[Short web captions]
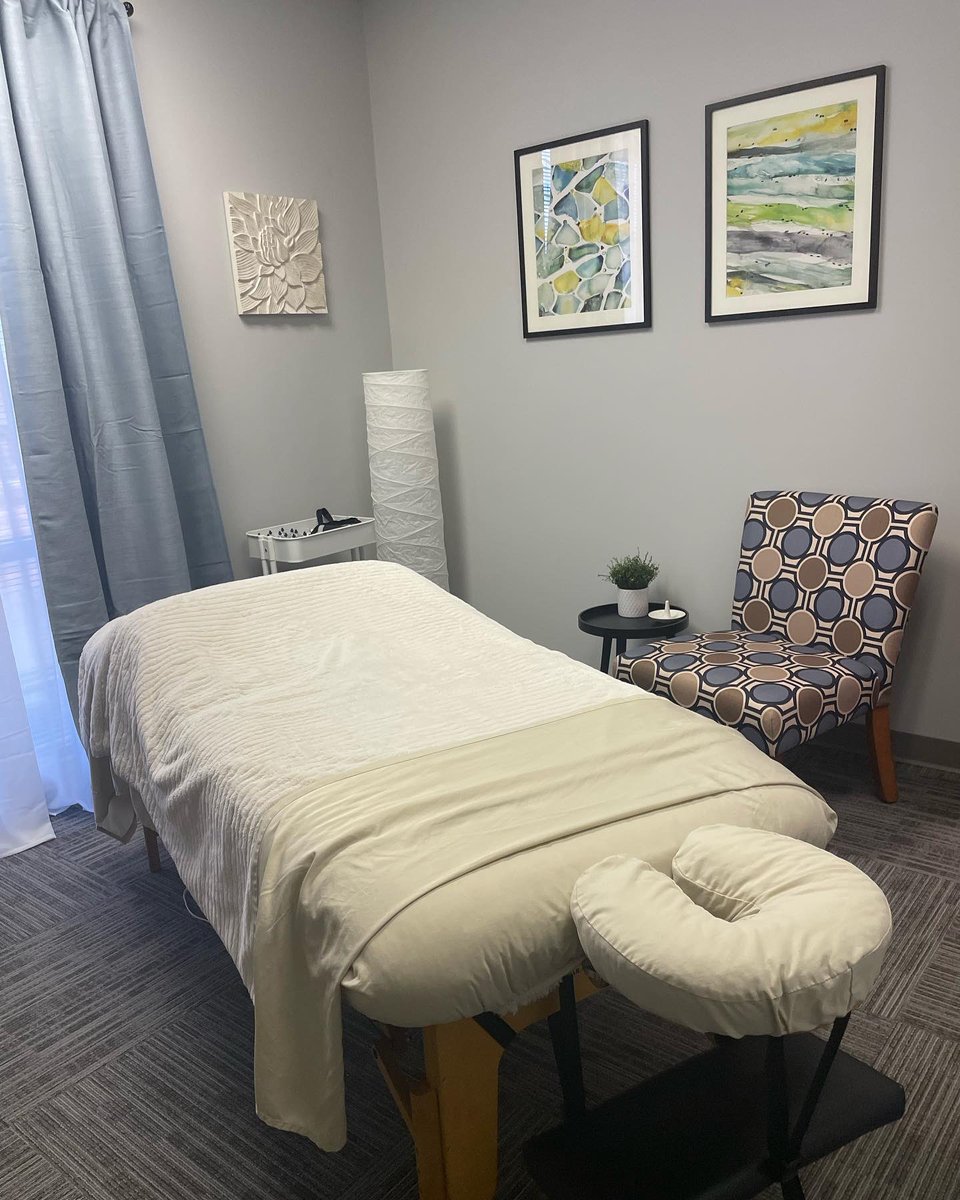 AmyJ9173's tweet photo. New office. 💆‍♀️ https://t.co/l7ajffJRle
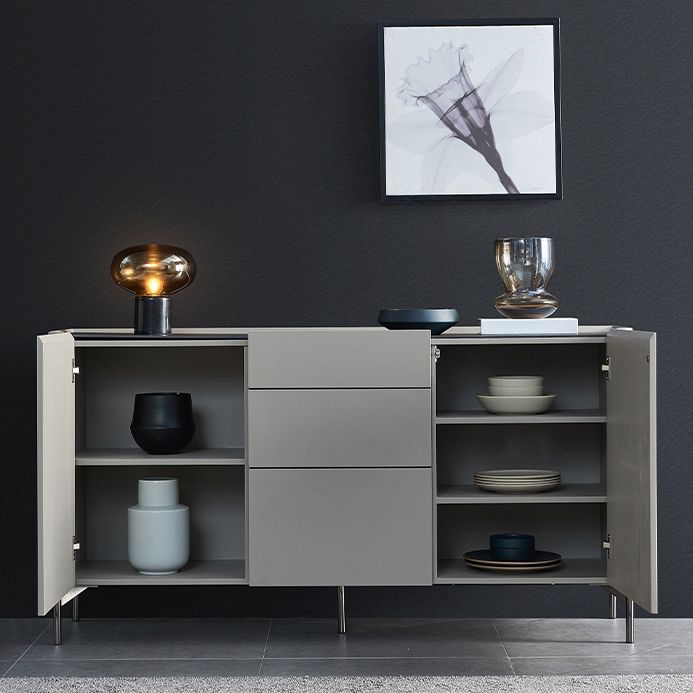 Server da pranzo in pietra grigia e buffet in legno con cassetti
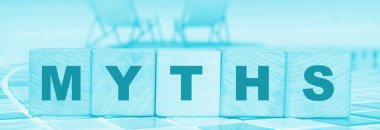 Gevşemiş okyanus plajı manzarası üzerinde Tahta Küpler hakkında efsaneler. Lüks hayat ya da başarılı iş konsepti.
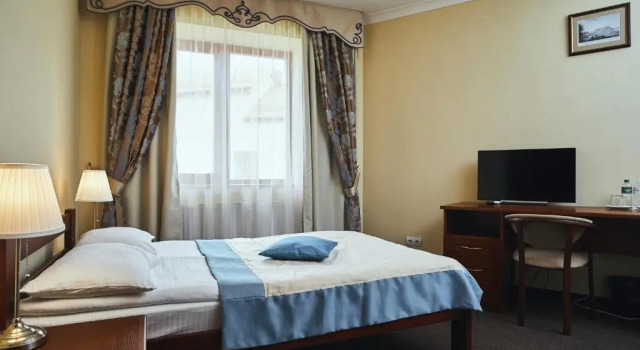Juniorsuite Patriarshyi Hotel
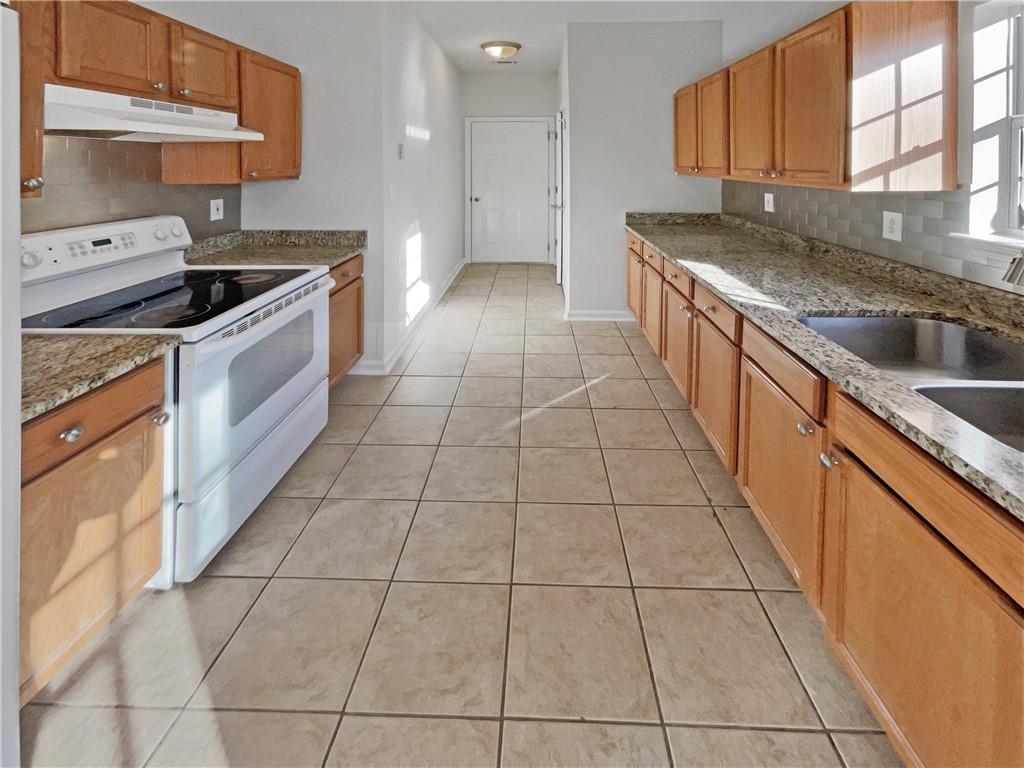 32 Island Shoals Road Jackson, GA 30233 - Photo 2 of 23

§ **Exercise details**:
Pictures are to be left out; all other data must be returned exactly.

§ **Answer box**:
 AmyJ9173's tweet photo. New office. 💆‍♀️ https://t.co/l7ajffJRle
 Server da pranzo in pietra grigia e buffet in legno con cassetti
 Gevşemiş okyanus plajı manzarası üzerinde Tahta Küpler hakkında efsaneler. Lüks hayat ya da başarılı iş konsepti.
Juniorsuite Patriarshyi Hotel
 32 Island Shoals Road Jackson, GA 30233 - Photo 2 of 23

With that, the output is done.